Reding's decision comes amid reports by Germany's Der Spiegel magazine that Chancellor Angela Merkel might also stay away.

Her spokesman Steffen Seibert declined to confirm the news. But he told press on Friday: "Obviously further developments in Ukraine and the Tymoshenko case would play a role in [her] decision."

Two of Merkel's ministers - environment chief Norbert Roettgen and interior minister Hans-Peter Friedrich, in charge of sports - have openly threatened not to go. "Visits by ministers or prime ministers are beyond question under the current circumstances," Roettgen told the mass-selling Bild newspaper on Monday.

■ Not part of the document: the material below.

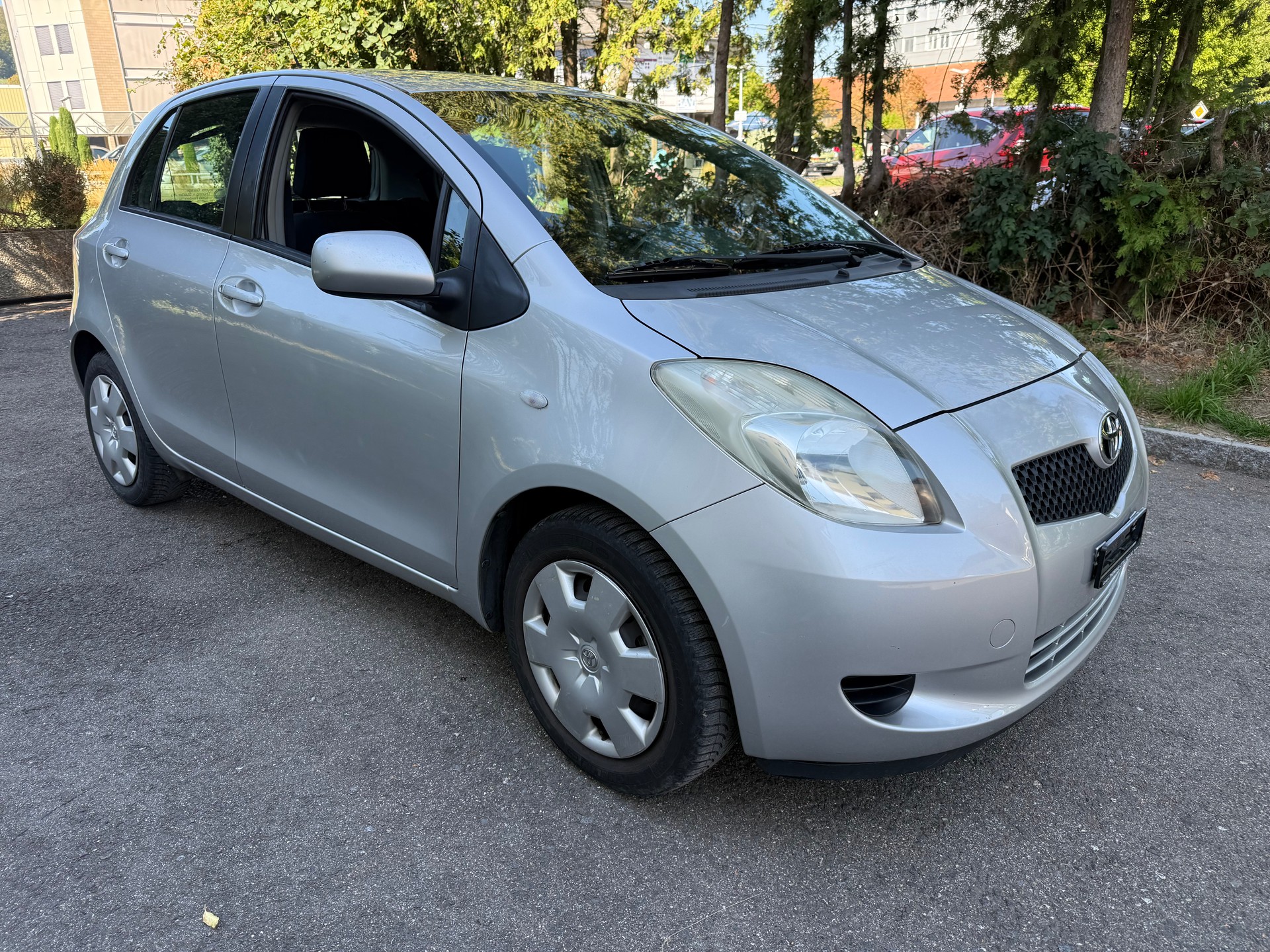 TOYOTA Yaris 1.3 Linea Luna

Two German sporting figures - Uli Hoeness, the manager of Bayern Munich football club, and Hans-Joachim Watzke, the manager of the Borussia Dortmund club - also endorsed a boycott. "I have faith in the players that they are intelligent enough to have an opinion about this and I would have respect for every player who took a public stance on this," Hoeness told Der Spiegel.

Ukrainian President Viktor Yanukovych has invested $9 billion in new stadiums, airport terminals and fast trains for the games in June and July to create a feel-good factor ahead of parliamentary elections in autumn.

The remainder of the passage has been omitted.